[Saved data entries]

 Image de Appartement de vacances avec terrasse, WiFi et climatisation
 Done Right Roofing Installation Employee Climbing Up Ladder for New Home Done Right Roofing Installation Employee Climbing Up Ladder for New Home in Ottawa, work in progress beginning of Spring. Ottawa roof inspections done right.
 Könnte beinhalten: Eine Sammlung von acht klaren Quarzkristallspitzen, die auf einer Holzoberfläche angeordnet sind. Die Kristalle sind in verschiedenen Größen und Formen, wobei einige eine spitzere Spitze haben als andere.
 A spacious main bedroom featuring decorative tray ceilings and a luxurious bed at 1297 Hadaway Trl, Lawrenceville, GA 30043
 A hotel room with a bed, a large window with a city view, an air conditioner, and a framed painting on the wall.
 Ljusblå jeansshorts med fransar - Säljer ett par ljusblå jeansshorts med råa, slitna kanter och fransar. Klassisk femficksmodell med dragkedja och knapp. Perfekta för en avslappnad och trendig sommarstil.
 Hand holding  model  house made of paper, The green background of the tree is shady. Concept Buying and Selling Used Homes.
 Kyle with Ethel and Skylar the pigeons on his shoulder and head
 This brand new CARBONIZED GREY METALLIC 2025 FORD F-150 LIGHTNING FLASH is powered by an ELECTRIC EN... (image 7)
---
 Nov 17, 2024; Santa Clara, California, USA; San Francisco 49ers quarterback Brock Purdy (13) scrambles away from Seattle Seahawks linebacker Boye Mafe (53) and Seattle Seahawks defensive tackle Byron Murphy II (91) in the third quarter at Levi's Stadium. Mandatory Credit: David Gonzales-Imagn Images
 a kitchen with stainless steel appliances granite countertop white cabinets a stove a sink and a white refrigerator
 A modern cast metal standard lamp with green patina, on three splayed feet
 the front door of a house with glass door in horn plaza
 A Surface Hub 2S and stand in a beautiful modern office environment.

▸ **What needs to be done**: Given the records above, reproduce precisely and only the lines between the line holding "Könnte beinhalten: Eine" and the line holding "This brand new", inclusive.

▸ **Exercise result**:
 Könnte beinhalten: Eine Sammlung von acht klaren Quarzkristallspitzen, die auf einer Holzoberfläche angeordnet sind. Die Kristalle sind in verschiedenen Größen und Formen, wobei einige eine spitzere Spitze haben als andere.
 A spacious main bedroom featuring decorative tray ceilings and a luxurious bed at 1297 Hadaway Trl, Lawrenceville, GA 30043
 A hotel room with a bed, a large window with a city view, an air conditioner, and a framed painting on the wall.
 Ljusblå jeansshorts med fransar - Säljer ett par ljusblå jeansshorts med råa, slitna kanter och fransar. Klassisk femficksmodell med dragkedja och knapp. Perfekta för en avslappnad och trendig sommarstil.
 Hand holding  model  house made of paper, The green background of the tree is shady. Concept Buying and Selling Used Homes.
 Kyle with Ethel and Skylar the pigeons on his shoulder and head
 This brand new CARBONIZED GREY METALLIC 2025 FORD F-150 LIGHTNING FLASH is powered by an ELECTRIC EN... (image 7)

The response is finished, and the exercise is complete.